A great recipie for the grill is chunk up the breasts into 1 to 1.5 inch chunks. Emply a can or two depending on the amount of goose you have, into a large bowl. Mix in a bottle of KC Masterpiece Original BBQ sauce. Mix it to one consistency, once you have it, add the goose chunks. Marinade for 1-2 days, then place on skewers and grill. Put a piece of pineapple between each piece of goose and baste while on the grill. Remember to soak the skewers in water before adding the meat and fruit. Cook until its medium rare and remove from grill. Damn good stuff!!

I love to cook - to me its all part of the hunt/fish expierience.


----------



## goose commander

hey shock this is my how i do goose. boil a few few breast till you can take a fork and pull it apart. norm it can take an hour or two, depending how tough that old bird was. when you can fork it apart (like a shredded pork or beef sandwich) meanwhile mix ur fovorite bb sauce, a couple Tbl spoons of molases and Tbl spoon of mustard a little salt/pepper. mix the shredded goose meat and ur sauce, put it in a glass dish and bake at 350 or 400 for just long enough to crisp the top or in a slow cooker and enjoy for a day or so. great for the deer camp.


----------



## goose commander

then make a sandwich with hamburger buns, sorry hit the post to quick!!!


----------



## firstflight111

for ducks.. i cut the breasts in half long ways to make two ....cut them in to strips season to taste..take 3 or 4 strips...wrap with bacon cook on grill till the bacons done oh yes .. you can do goose the same way ...

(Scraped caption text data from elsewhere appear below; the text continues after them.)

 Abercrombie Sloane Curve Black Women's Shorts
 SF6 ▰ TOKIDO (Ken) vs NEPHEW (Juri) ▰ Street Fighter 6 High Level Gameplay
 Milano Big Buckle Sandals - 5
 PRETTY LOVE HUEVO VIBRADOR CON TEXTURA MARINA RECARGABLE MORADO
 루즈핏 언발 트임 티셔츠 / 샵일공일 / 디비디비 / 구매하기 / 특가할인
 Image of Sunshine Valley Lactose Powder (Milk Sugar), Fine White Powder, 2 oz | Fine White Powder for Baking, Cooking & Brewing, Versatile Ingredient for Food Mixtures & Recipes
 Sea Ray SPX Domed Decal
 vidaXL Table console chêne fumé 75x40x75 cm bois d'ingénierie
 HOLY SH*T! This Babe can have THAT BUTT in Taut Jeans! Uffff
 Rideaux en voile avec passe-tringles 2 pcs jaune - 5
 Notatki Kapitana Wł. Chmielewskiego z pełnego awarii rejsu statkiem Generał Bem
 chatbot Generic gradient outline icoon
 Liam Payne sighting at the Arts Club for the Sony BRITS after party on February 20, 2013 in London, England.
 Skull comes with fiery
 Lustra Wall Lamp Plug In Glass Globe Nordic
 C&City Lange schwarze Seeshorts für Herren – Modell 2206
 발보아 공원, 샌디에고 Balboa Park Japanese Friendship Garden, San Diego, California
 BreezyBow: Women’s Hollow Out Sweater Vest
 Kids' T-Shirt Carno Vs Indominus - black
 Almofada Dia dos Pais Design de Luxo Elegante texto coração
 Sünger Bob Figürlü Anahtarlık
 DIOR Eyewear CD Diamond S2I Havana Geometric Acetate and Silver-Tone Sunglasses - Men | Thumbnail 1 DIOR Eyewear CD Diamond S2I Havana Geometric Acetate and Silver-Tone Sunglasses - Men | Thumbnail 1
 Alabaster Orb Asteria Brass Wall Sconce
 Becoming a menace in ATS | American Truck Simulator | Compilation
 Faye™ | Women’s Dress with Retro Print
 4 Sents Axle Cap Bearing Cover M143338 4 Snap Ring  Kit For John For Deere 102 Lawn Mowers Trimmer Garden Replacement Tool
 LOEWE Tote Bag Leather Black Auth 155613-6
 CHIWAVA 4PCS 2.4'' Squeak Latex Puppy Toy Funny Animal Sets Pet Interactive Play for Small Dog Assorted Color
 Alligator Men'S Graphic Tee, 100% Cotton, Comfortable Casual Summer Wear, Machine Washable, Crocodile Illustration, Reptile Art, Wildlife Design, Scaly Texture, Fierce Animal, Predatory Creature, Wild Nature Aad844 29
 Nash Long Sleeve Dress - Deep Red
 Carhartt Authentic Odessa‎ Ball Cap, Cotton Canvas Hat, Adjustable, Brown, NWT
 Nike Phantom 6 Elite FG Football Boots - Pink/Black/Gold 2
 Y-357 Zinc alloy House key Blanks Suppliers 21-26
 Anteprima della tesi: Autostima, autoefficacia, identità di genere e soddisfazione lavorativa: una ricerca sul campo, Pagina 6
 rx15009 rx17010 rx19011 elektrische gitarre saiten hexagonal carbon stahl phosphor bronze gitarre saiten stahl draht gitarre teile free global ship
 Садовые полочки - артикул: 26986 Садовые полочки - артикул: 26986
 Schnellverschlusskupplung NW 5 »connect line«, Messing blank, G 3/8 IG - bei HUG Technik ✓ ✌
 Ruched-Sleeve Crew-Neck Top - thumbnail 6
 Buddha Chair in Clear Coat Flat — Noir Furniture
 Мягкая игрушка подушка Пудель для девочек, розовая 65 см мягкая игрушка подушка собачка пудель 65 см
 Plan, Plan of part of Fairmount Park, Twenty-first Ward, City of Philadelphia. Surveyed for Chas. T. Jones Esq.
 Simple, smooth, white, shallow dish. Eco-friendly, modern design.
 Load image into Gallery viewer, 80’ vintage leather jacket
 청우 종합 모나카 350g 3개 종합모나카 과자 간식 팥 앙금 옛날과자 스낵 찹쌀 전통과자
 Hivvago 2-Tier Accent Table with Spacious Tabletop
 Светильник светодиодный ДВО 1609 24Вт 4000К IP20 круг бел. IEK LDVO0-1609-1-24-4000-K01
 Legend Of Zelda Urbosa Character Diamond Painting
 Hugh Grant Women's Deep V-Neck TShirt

mix hot sausage with ground goose...

make snack sticks .. trail bologna ,summer sausage, jerky 

oh come on goose season


----------



## ringmuskie9

Duck.. I butterfly the breast and stuff them with cream chesse and jalapenos and wrap with bacon.(Marinate in italian dressing the day before) Put on the grill for a few minutes each side and enjoy!!

Goose.. I usually make jerky out of it.. Although I would like to try to make some sausage just not sure about the process yet


----------



## ErieAngler

ringmuskie9 said:


> Duck.. I butterfly the breast and stuff them with cream chesse and jalapenos and wrap with bacon.(Marinate in italian dressing the day before) Put on the grill for a few minutes each side and enjoy!!
> 
> Goose.. I usually make jerky out of it.. Although I would like to try to make some sausage just not sure about the process yet


Get ahold of me and I'll show you everything I know, you just provide the beer . Goose makes some outstanding sausage and the casings make one heck of a difference.


----------



## ringmuskie9

Erie, that sounds like a deal to me count me in.. Hopefully I'll get a free weekend here before to long. Seems like there are always plans for the weekend


----------



## BuckeyeHunter

I like to marinade duck breast in some pineapple juice, soy sauce and ginger then grill it to medium rare or so. I love duck. The wrapping in bacon would be good too, I know doves are good that way so I'm not sure why I never tried it with duck.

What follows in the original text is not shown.